Herbert Marcuse (1898-1979) was the influential philosophical rock star of the New Left in the 1960s, a man whose accomplishments as a writer, formulating a libertarian Marxism contra the stale Soviet Union’s political line in books like One Dimensional Man, only are matched by his success as a teacher, having mentored the great Angela Davis.

The new biography Herbert Marcuse: Philosopher of Utopia, written by Nick Thorkelson and edited by Paul Buhle and Andrew T. Lamas, is a brilliant primer on both his life and ideas. At a time when things are looking so bleak, this is a pick-me-up we all could use.

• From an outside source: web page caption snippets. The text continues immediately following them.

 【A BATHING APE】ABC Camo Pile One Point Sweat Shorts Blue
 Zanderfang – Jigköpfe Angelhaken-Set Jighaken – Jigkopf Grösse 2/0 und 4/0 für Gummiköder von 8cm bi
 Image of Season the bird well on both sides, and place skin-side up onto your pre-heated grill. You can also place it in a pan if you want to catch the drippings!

The artwork in the book is ebullient and engages the eye with simple salmon tones against black and white drawings that are reminiscent of cartoonists and comic artists from the golden ages of those mediums. It succeeds in communicating to the reader complex philosophical topics that are part and parcel of the Continental tradition. Without becoming a bore (always a serious risk when the name Hegel is involved), we learn about concepts like alienation and the critique of consumerism that continues to inform political activism today.
What is also noteworthy is the utility of the volume in ongoing anti-racism work. Currently we are living in a political landscape where the absurd right wing conspiracy theory called “Cultural Marxism,” a racist fantasia about how the Frankfurt School that Marcuse hailed from attempted to implant a social ideology that would gestate into an eventual Communist revolution, inspires deadly repercussions from the unhinged actors within the alt right.

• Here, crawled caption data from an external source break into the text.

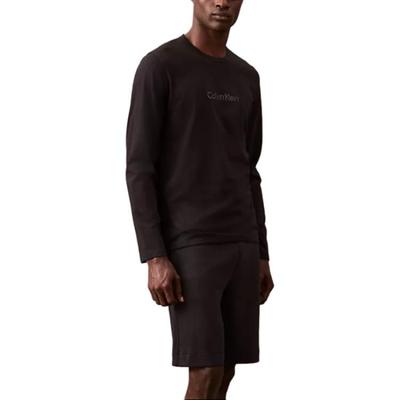 Logo Pattern Comfortable Crew Neck Long Sleeve Pajama Top Men Tops Black NM2771-002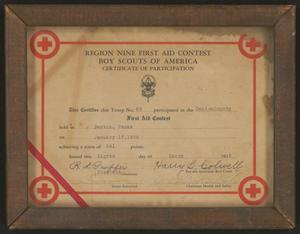 [Troop 65 First Aid Contest Certificate]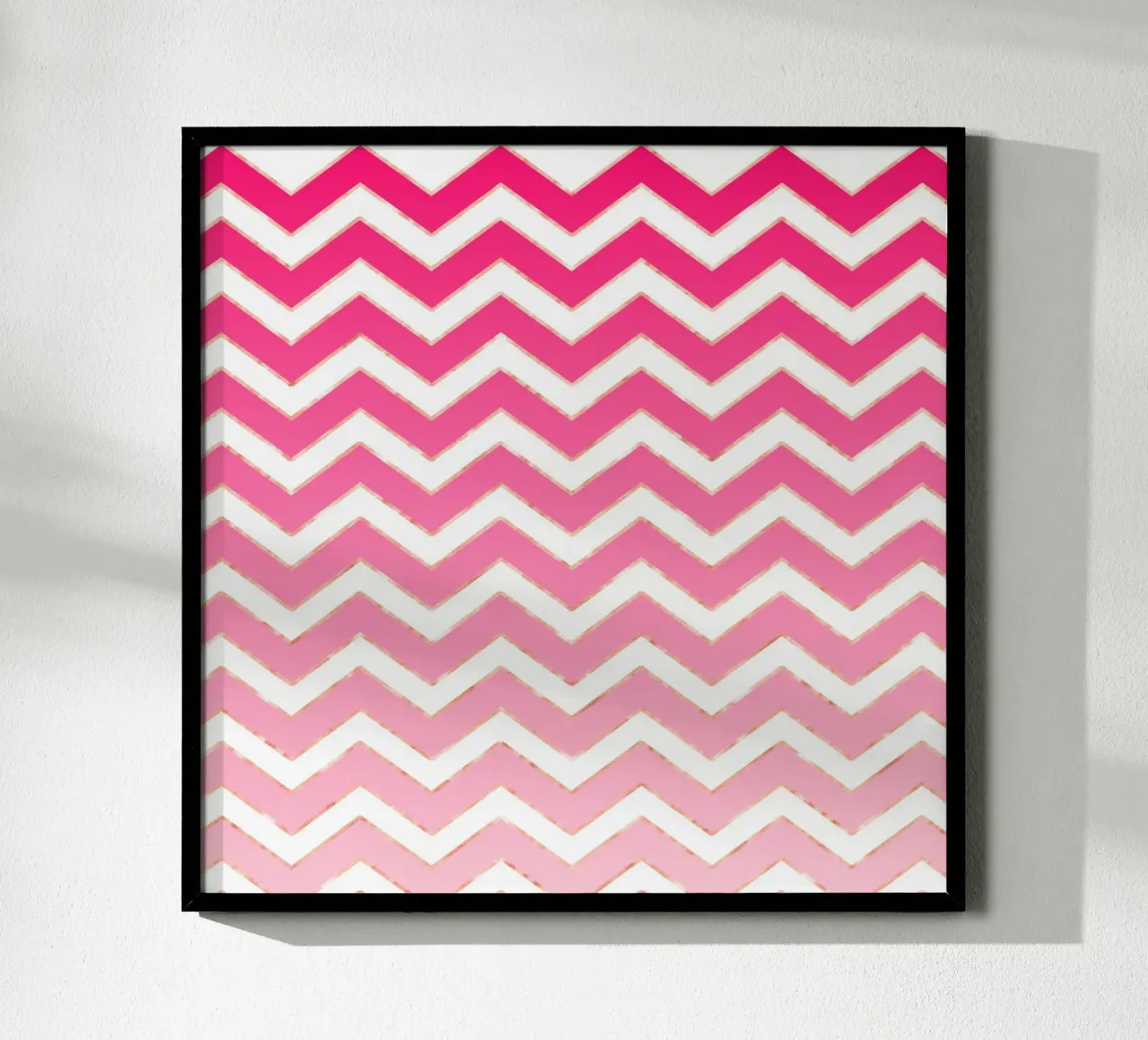 Motivo a zig zag in rosa e bianco con accenti in oro rosa carta hahnemühle da CalliLetters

But with a book like this, readers are quickly shown that Marcuse and his Frankfurt School comrades were in reality not just opposed to totalitarianism but furthermore deeply critical of the failings of the Marxist-Leninist formulation of left wing politics. (The fact that Comrade Theodor Adorno was in fact as miserable as William F. Buckley, Jr. with his elitist condemnation of jazz, pop, and rock music goes unmentioned is unfortunate.) With Steve Bannon’s ongoing efforts to build a base being deeply indebted to theories of cultural hegemony and other New Left concepts, this volume has the capacity to provide a very good counter to the right’s base building efforts.

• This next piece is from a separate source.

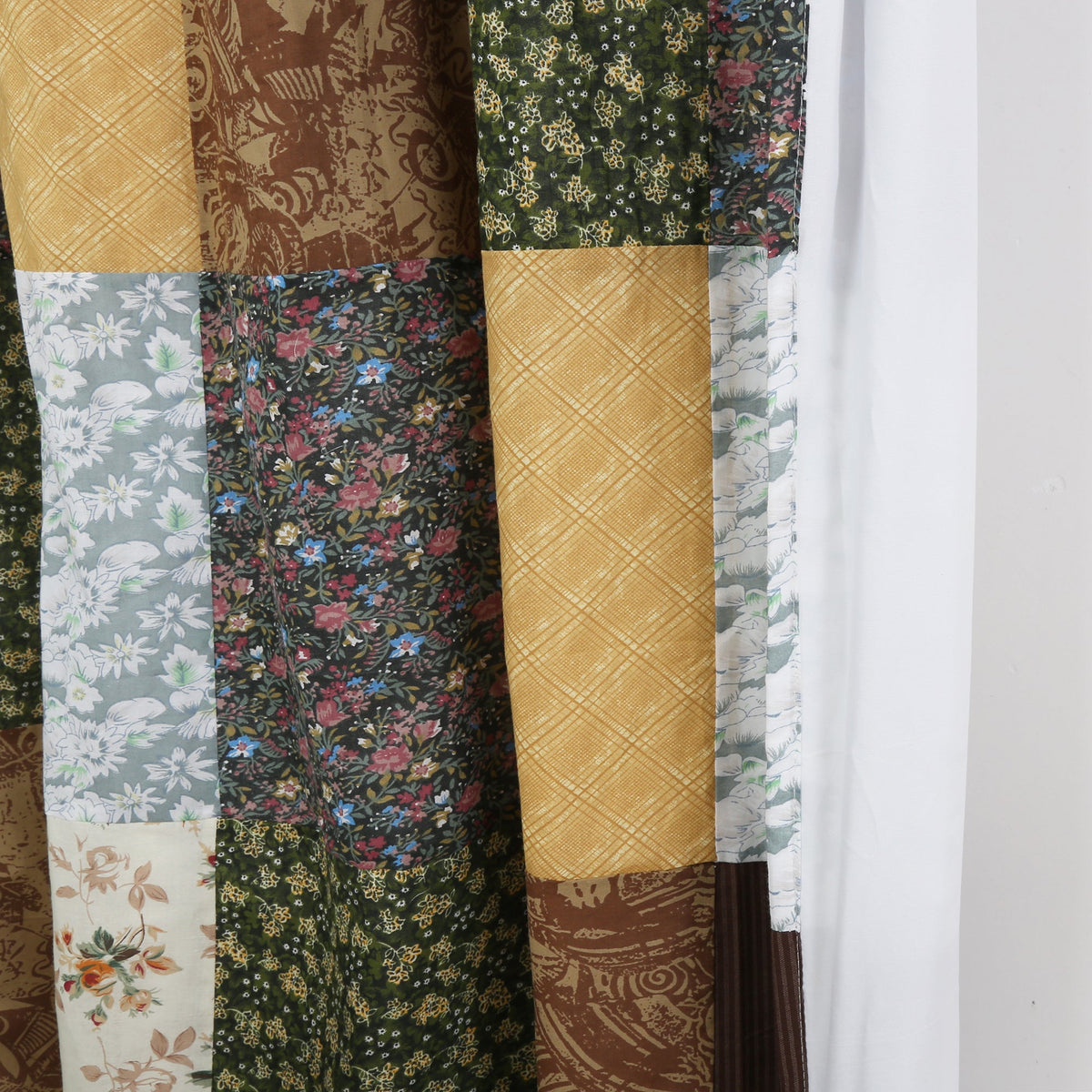 Huitt Country Farmhouse Vintage Floral Patchwork Window Curtain Panel/Drapes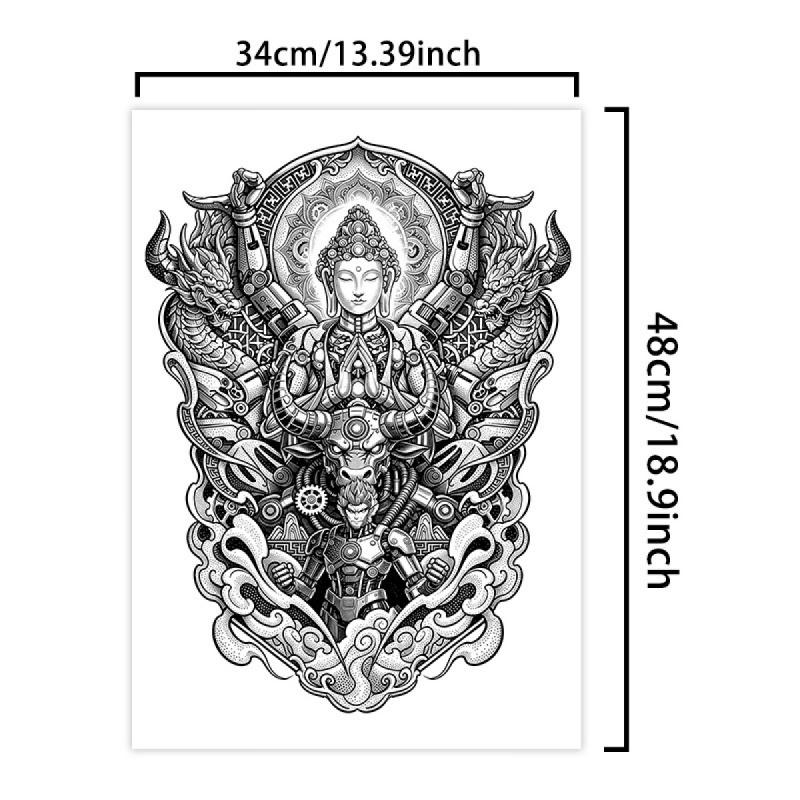 Cyber Mechanical Buddha Sun Wukong Full Back Tattoo Waterproof Temporary Tattoo Sticker Magic Tattoo Lasts 7-15 Days Herbal Juice Semi Permanent Tattoo Large Pattern Simulation Tattoo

Marcuse’s biography, told simultaneous with an explication of his theories, does include some contradictory nuances that deserved further elaboration, which I see as its only fault. During the Second World War, living as a refugee from Nazi Germany, Marcuse worked for a time at the OSS, predecessor of the CIA, and then the State Department, a tenure lasting until 1951. These were the years when America absorbed the burden of Western European imperialism and colonialism while fomenting a domestic crackdown on radicals with the Hiss trial and McCarthy witch hunts. The Greek civil war, the Korean War, the Chinese revolution, and the start of the French effort to recapture its Indochinese peninsular colonies, eventuating the American commitment of ground troops twenty years later, were all part of the portfolio of those two agencies. Mao’s groundbreaking revision of Leninism, claiming that the peasantry previously held in suspicion by the Russian Bolsheviks were instead capable of being a revolutionary class in world history, was denigrated by these American agencies while providing a theoretical premonition of Marcuse’s work a generation later. Unlike his contemporary and comrade Bertolt Brecht, who became a citizen of East Germany, Marcuse stayed in America and government service throughout the darkest days of the blacklists, the HUAC hearings, and the Rosenberg trials. Certainly one can fault Brecht’s later reverence towards the East German government when it was challenged by worker revolts in 1953, which germinated the Berlin Wall’s construction eight years later, but that contradiction would also add further dimension to this volume.
Nevertheless the book is a triumph and readers can be assured they will enjoy the proceedings.